Banken locken Neukunden mit Sonderkonditionen
„Bei steigenden Zinsen ist das Einlagengeschäft für Banken wieder attraktiv. Viele Institute locken neue Sparer deshalb mit Sonderkonditionen“, sagt Oliver Maier. Bei solchen Aktionsangeboten erhalten Neukunden, die ein Tagesgeldkonto eröffnen, für einige Monate einen Zinsaufschlag. Nach Ablauf der Frist wird das Guthaben dann zu den regulären Bestandskundenkonditionen weiter verzinst.
Das zinsstärkste Neukundenangebot macht aktuell die Consorsbank. Sie zahlt 2,1 Prozent aufs Tagesgeld und garantiert diesen Zinssatz für 6 Monate. Wer zusätzlich Wertpapiere über die Bank kauft oder einen Sparplan einrichtet, erhält den Aktionszins weitere 6 Monate. Bestandskunden bietet die Bank aktuell 0,3 Prozent Zinsen.
„Solche befristeten Aktionsangebote lohnen sich insbesondere für Sparer, die bereit sind, ihr Geld regelmäßig umzuschichten“, sagt Oliver Maier. „Sobald der Zinsaufschlag wegfällt, wechseln sie einfach zum nächsten Anbieter mit einem Neukunden-Sonderangebot.“
Methodik
Verivox recherchiert fortlaufend die ausgewiesenen Konditionen auf den Websites von rund 1.300 Banken und Sparkassen. In die aktuelle Analyse flossen sämtliche 626 Banken mit Tagesangeboten ein, die ihre Zinsen frei zugänglich online veröffentlichen. Ausgewertet wurden die Konditionen für 10.000 Euro Anlagesumme. Zinssätze wurden auf die zweite Nachkommastelle gerundet.

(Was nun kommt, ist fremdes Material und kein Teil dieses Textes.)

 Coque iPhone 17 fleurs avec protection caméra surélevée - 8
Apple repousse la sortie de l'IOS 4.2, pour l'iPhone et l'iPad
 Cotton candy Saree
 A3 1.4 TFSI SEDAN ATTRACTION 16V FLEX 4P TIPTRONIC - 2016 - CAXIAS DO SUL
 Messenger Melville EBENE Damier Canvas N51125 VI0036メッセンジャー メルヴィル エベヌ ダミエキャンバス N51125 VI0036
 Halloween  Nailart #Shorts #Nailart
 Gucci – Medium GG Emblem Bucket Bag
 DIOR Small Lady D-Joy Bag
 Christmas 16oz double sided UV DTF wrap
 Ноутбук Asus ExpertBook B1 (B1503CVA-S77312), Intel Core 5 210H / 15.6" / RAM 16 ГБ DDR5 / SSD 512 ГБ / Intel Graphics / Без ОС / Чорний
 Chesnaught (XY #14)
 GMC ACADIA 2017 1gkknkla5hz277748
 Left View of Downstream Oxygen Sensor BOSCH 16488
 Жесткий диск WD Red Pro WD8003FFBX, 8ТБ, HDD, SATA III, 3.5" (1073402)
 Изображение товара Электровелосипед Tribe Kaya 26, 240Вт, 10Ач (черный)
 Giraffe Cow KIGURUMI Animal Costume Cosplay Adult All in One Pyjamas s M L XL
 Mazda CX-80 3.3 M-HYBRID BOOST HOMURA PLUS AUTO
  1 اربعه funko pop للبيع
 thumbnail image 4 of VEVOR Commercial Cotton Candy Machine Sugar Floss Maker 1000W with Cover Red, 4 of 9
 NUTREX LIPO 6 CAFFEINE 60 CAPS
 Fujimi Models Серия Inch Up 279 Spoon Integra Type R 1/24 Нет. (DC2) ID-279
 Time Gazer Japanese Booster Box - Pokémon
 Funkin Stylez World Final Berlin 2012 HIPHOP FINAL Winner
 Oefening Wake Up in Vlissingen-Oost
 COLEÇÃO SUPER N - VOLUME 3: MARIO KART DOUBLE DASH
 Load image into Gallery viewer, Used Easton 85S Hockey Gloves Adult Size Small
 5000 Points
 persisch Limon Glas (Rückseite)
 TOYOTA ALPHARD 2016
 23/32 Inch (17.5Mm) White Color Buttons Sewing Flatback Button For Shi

Banken mit einem Tagesgeldzinssatz von 0,001 Prozent wurden also den Instituten mit Nullzins zugerechnet. Im regionalen Sektor wird zwischen Sparkassen und Genossenschaftsbanken unterschieden. In beiden Institutsgruppen gibt es einzelne Häuser, die ihr Tagesgeld deutschlandweit anbieten und deshalb den bundesweit verfügbaren Angeboten zugeordnet wurden. Stichtag der übrigen Auswertung ist der 17.01.2023.